§ **Problem to solve**
Everything in the records must be copied exactly, apart from the pictures.

[[ Dataset excerpts, beginning ]]

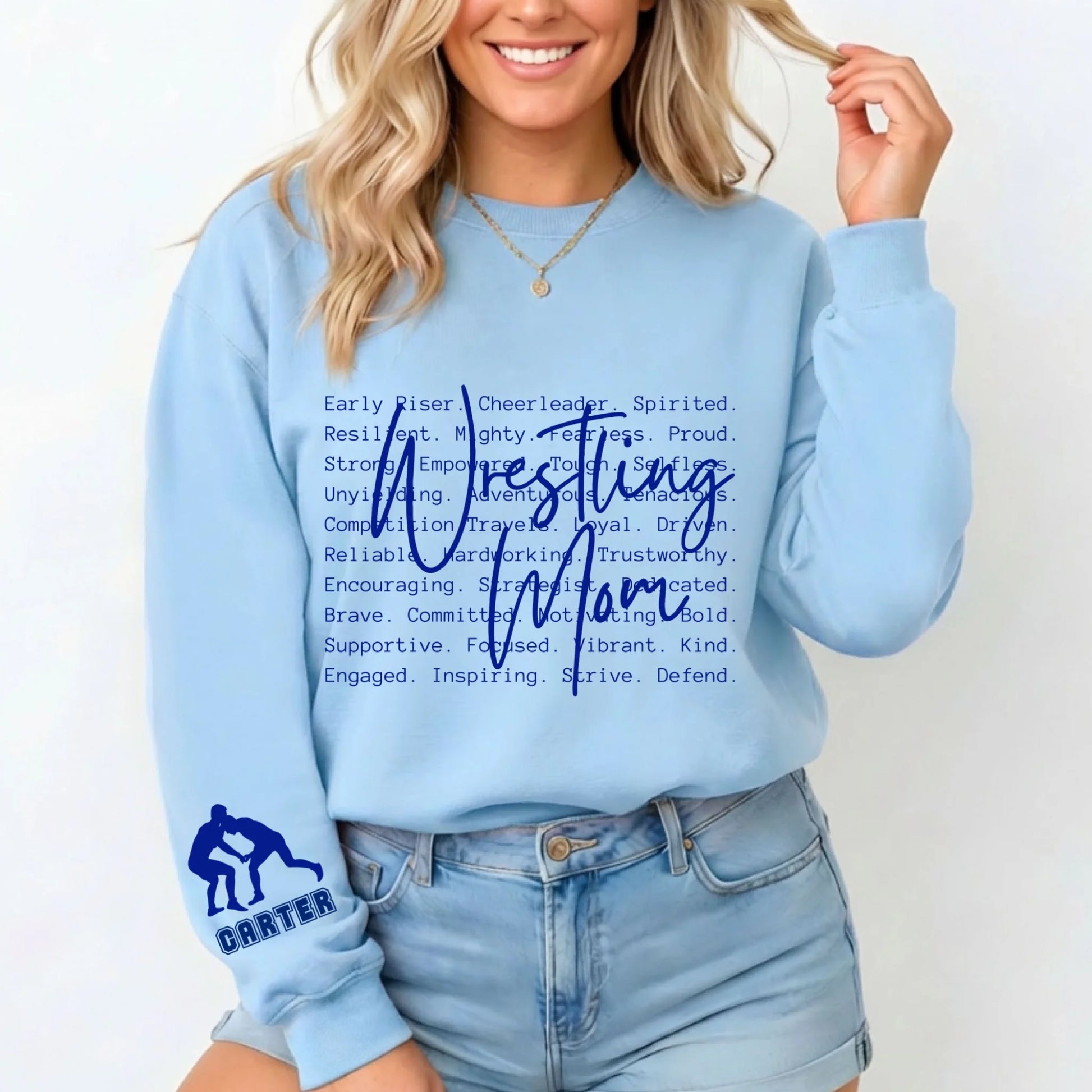 Light Blue Sweatshirt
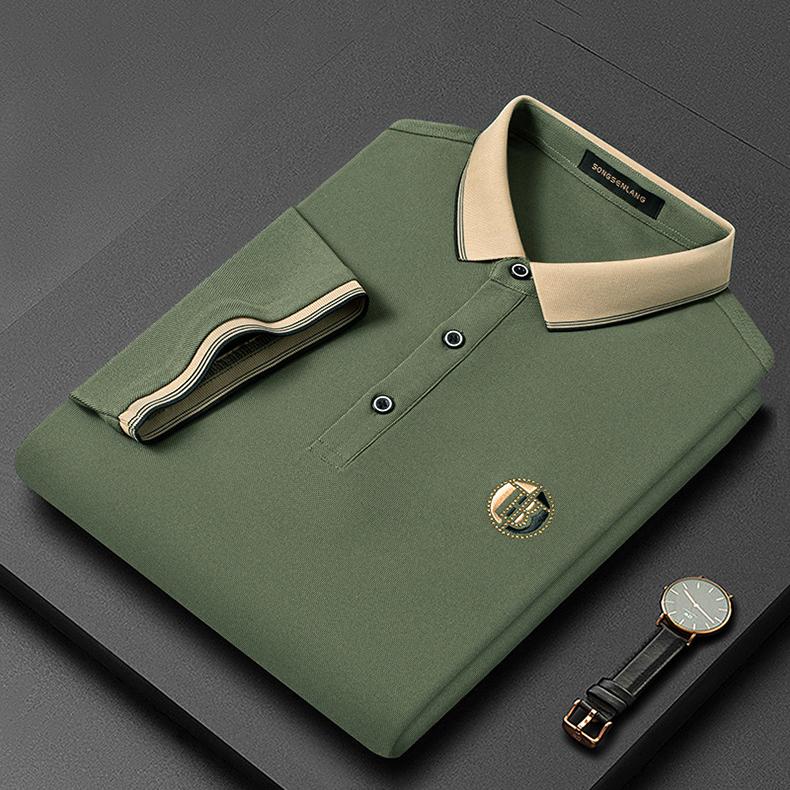 Stylish Embroidered Polo Shirt - Oliver-Green-S-Nora Luxe
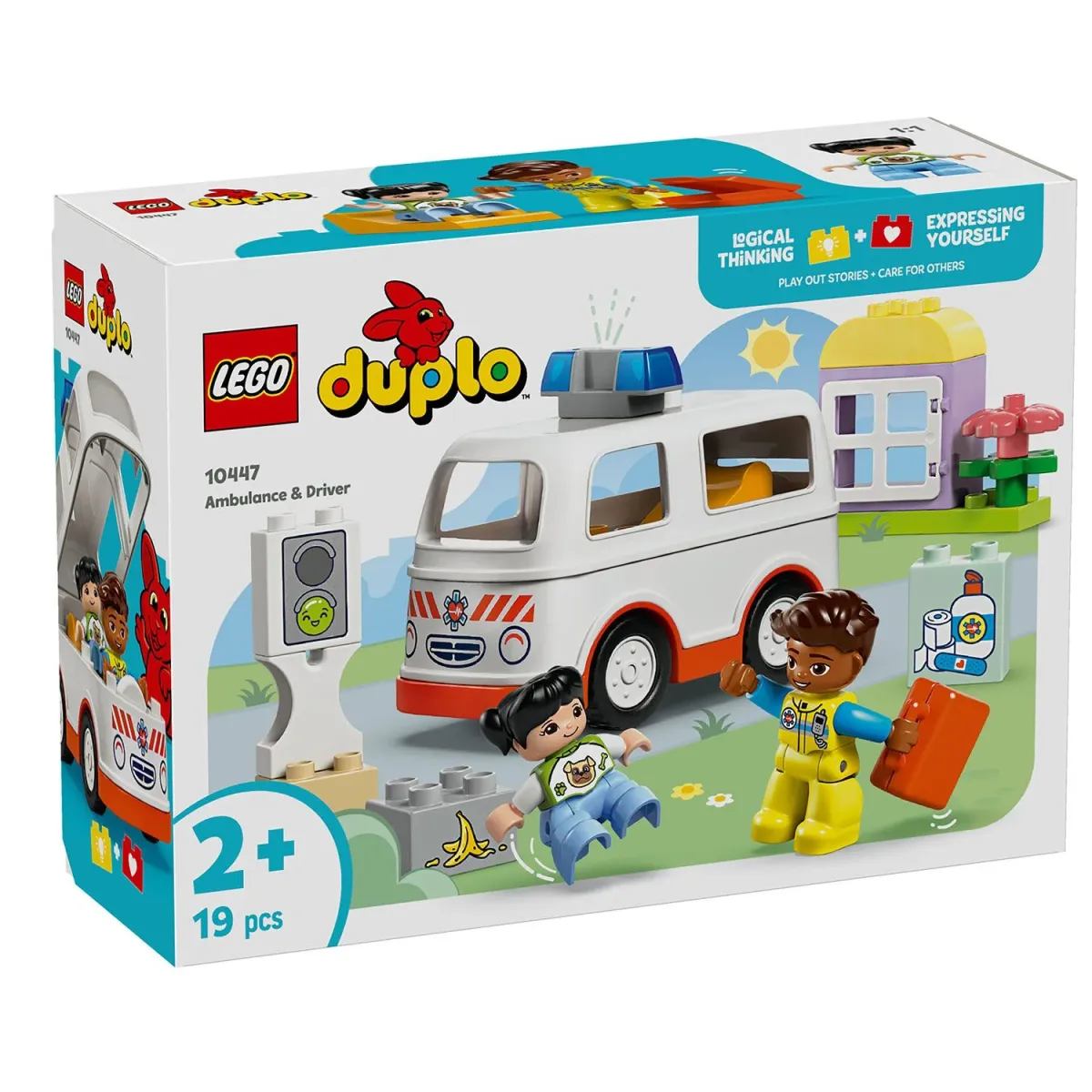 LEGO DUPLO® Ασθενοφόρο & Οδηγός 10447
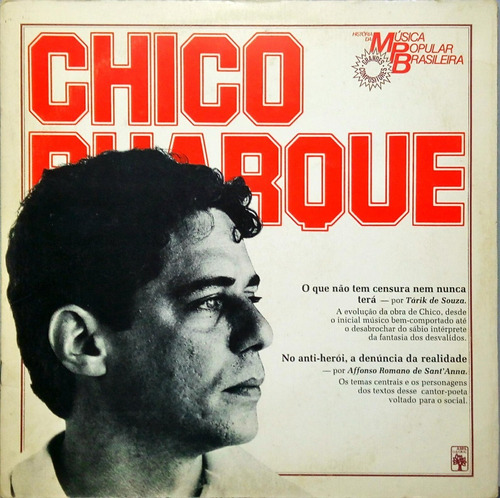 Chico Buarque Lp Mpb Abril Cultural 1982 Com Encarte 1721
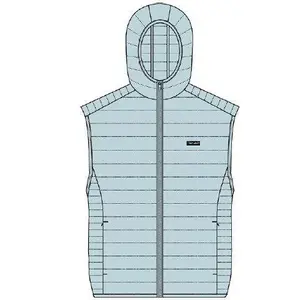 Children's sleeveless hooded down jacket Teddy Smith Terry image-0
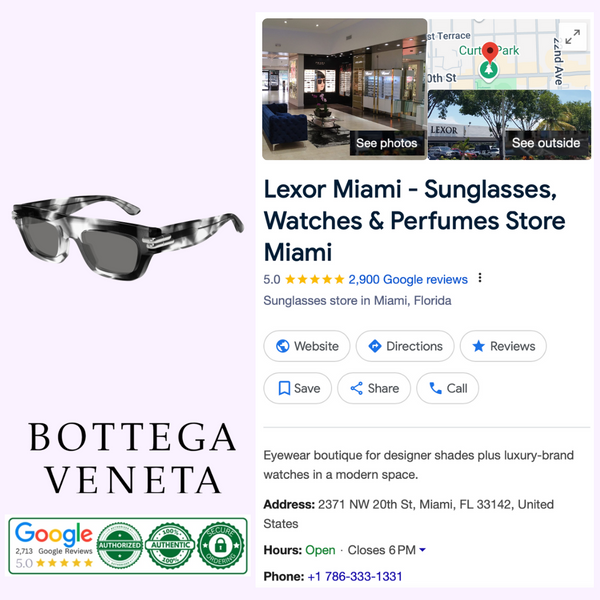 Bottega Veneta Sunglasses BV1321S-002 50 UNISEX upc 889652513270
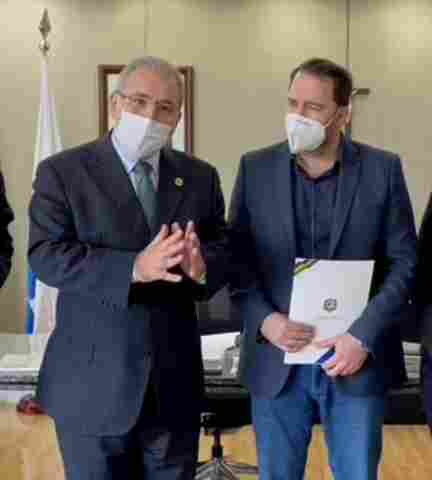 Presidente da Assembleia Legislativa, Alex Redano, participa de audiência com o novo ministro da Saúde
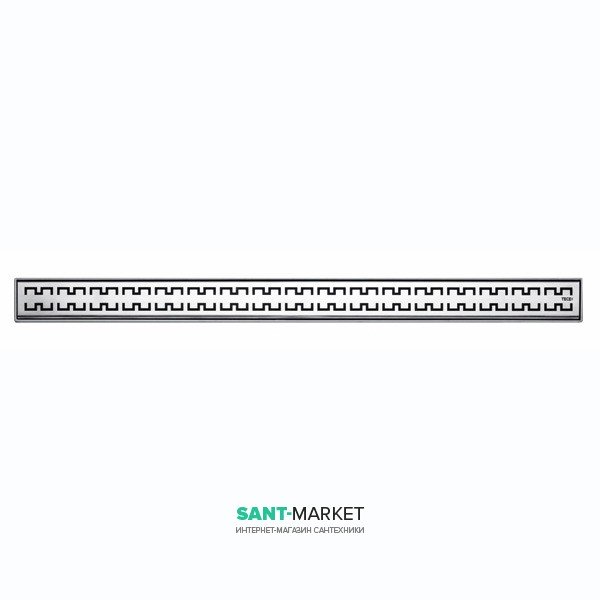 Решітка TECE TECEdrainline Royal для душового трапу матова пряма 1000 мм нержавіюча сталь 601041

[[ Dataset excerpts, end ]]

§ **Finished exercise**
 Light Blue Sweatshirt
 Stylish Embroidered Polo Shirt - Oliver-Green-S-Nora Luxe
 LEGO DUPLO® Ασθενοφόρο & Οδηγός 10447
 Chico Buarque Lp Mpb Abril Cultural 1982 Com Encarte 1721
 Children's sleeveless hooded down jacket Teddy Smith Terry image-0
 Bottega Veneta Sunglasses BV1321S-002 50 UNISEX upc 889652513270
 Presidente da Assembleia Legislativa, Alex Redano, participa de audiência com o novo ministro da Saúde
 Решітка TECE TECEdrainline Royal для душового трапу матова пряма 1000 мм нержавіюча сталь 601041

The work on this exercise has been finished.